Input material below:

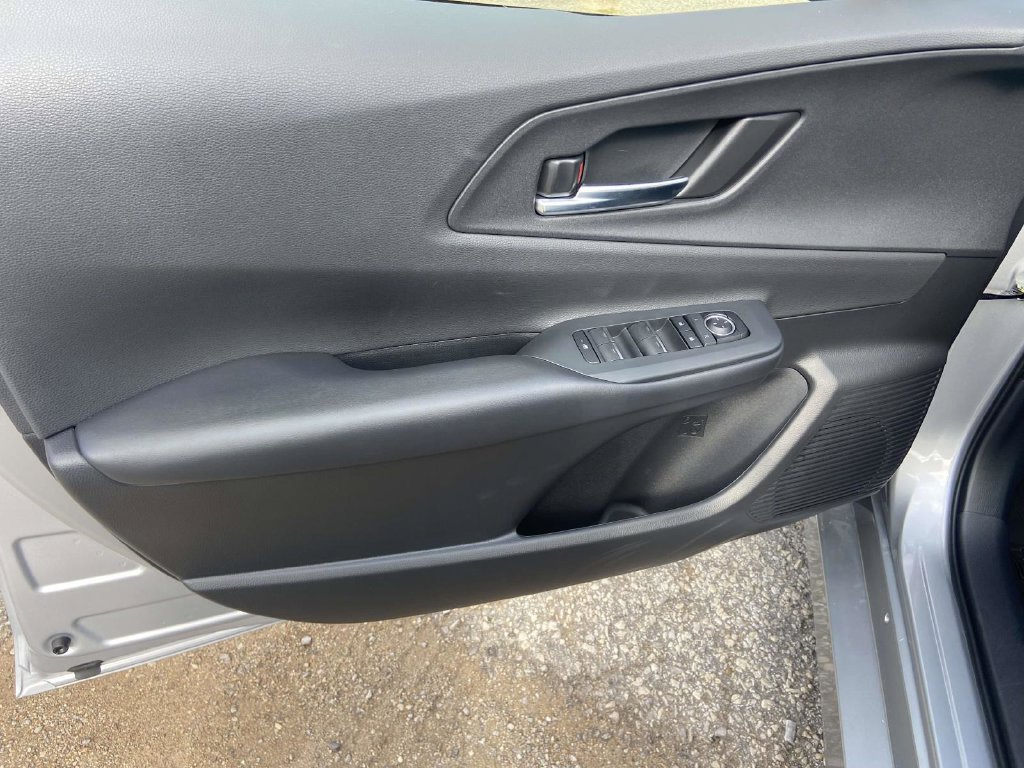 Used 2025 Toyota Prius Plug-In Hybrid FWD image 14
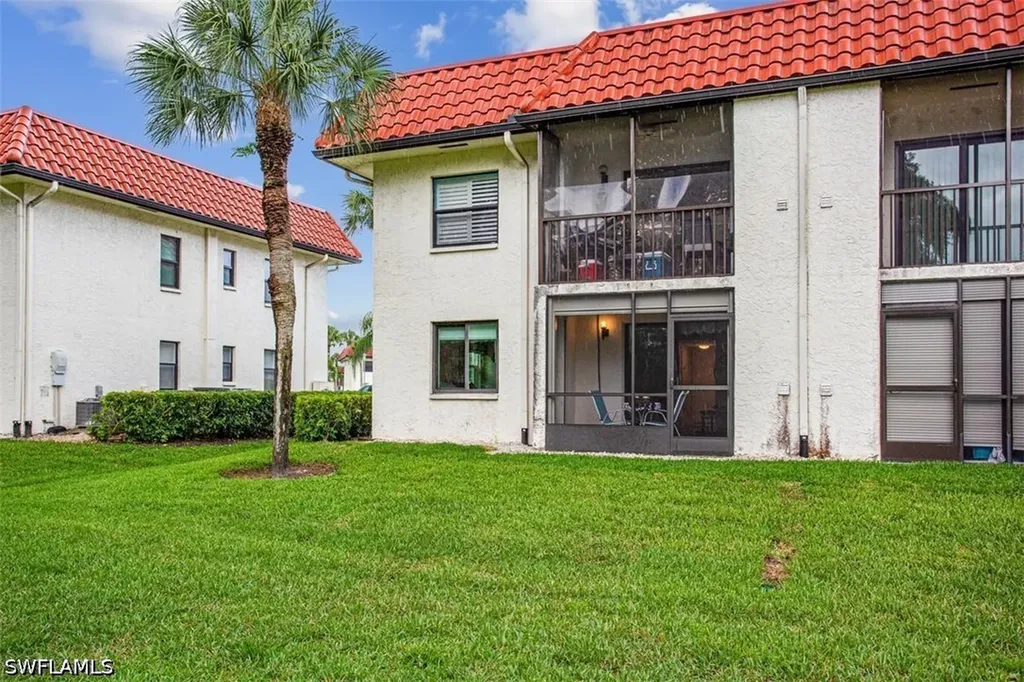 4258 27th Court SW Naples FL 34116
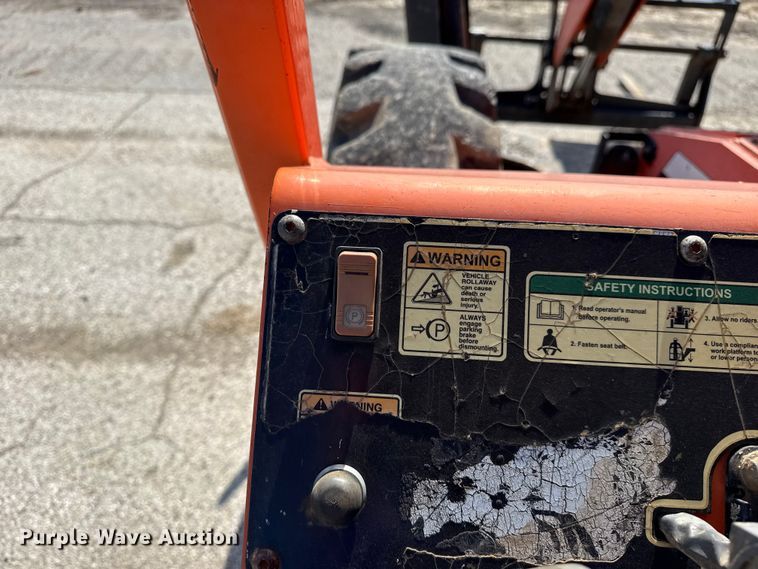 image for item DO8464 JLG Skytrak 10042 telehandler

End of Input material.
Input material below:

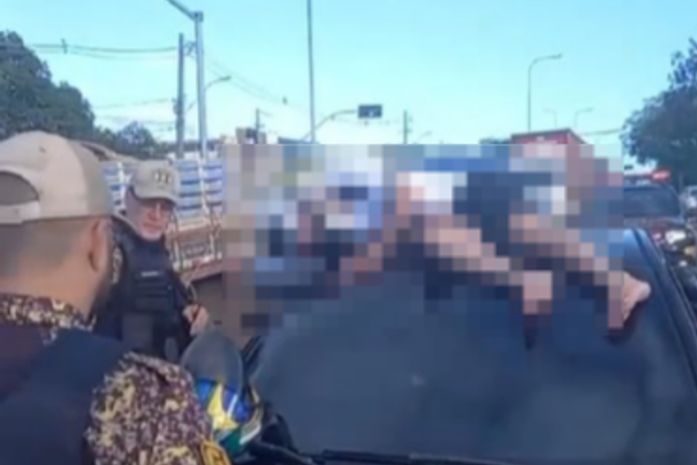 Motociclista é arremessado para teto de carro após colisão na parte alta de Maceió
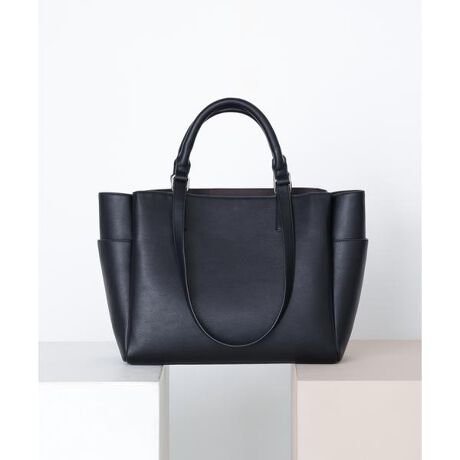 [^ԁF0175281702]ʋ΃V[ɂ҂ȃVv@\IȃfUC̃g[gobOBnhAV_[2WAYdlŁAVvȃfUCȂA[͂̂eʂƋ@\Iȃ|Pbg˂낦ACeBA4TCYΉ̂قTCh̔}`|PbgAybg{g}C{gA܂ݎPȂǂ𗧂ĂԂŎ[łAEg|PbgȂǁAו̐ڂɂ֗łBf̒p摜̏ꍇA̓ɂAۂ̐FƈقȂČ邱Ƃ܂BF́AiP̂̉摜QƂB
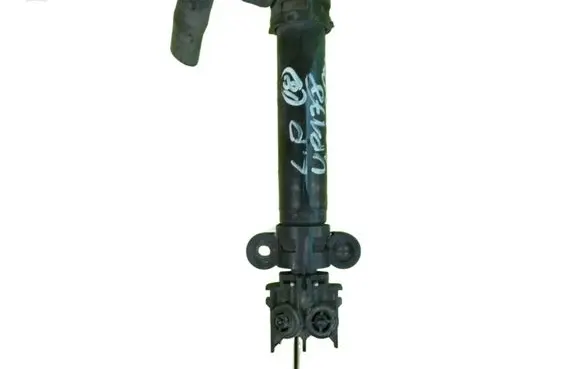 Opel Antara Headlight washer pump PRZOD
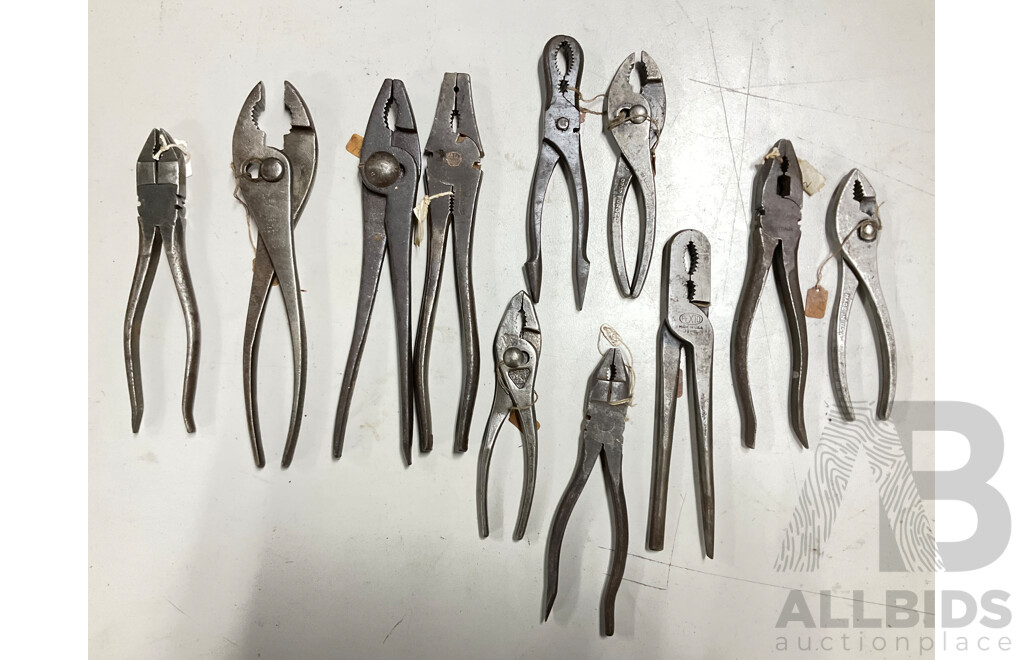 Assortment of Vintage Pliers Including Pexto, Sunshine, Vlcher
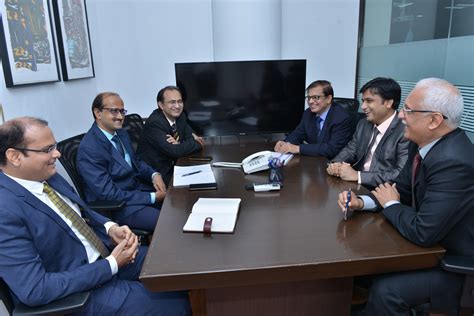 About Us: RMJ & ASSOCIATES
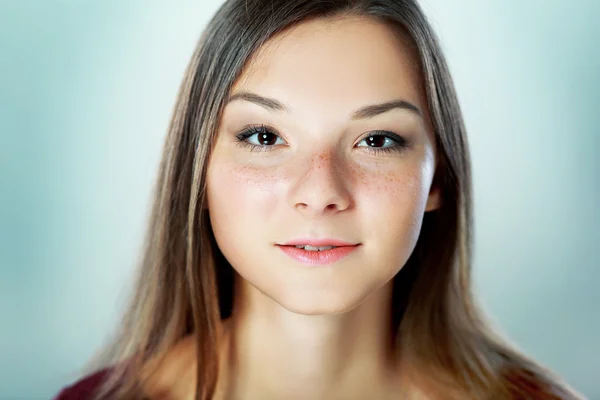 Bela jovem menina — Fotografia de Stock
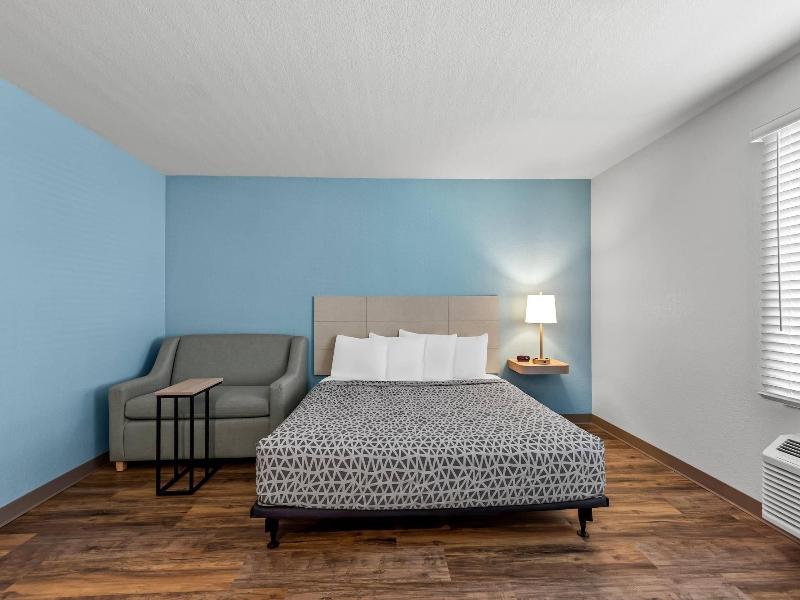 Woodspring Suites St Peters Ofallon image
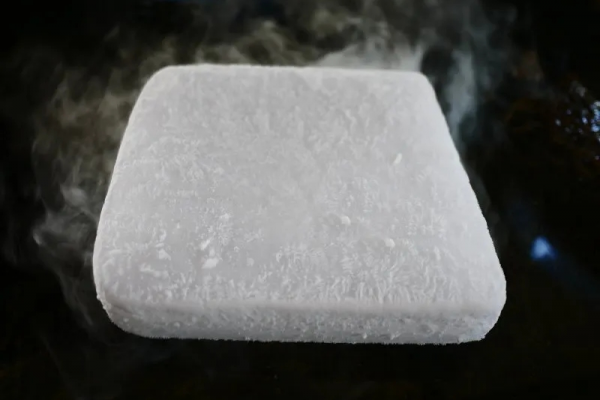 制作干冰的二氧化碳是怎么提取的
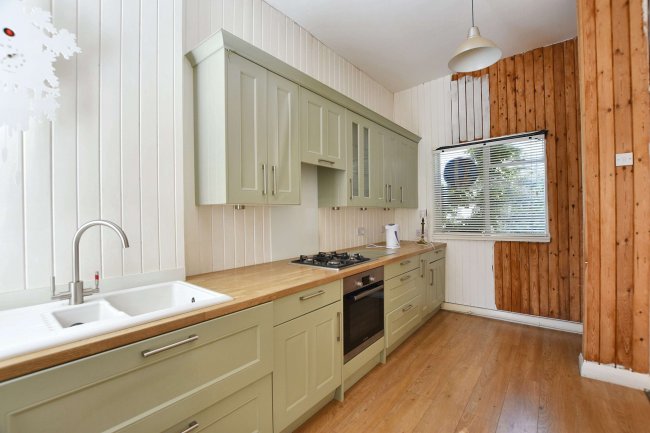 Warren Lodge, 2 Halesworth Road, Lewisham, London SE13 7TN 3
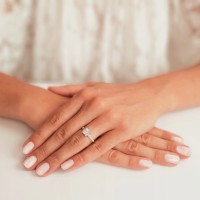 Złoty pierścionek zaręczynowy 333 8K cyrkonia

End of Input material.
Input material below:

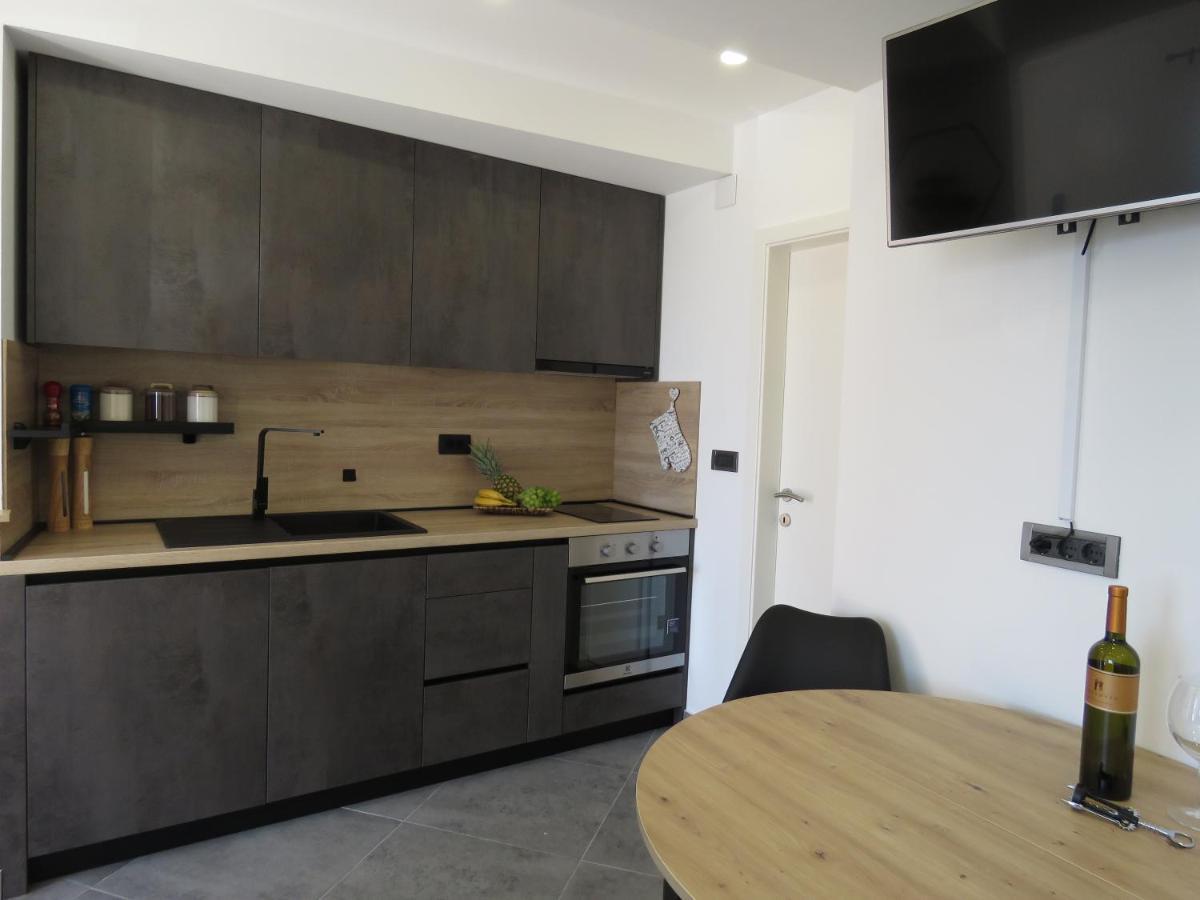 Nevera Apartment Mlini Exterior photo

End of Input material.

▸ About this exercise
Would you set down only the lines above from the line with "制作干冰的二氧化碳是怎么提取的" to the line with "Złoty pierścionek zaręczynowy", both included, exactly as they stand and without the pictures?

▸ Solution to the exercise
 制作干冰的二氧化碳是怎么提取的
 Warren Lodge, 2 Halesworth Road, Lewisham, London SE13 7TN 3
 Złoty pierścionek zaręczynowy 333 8K cyrkonia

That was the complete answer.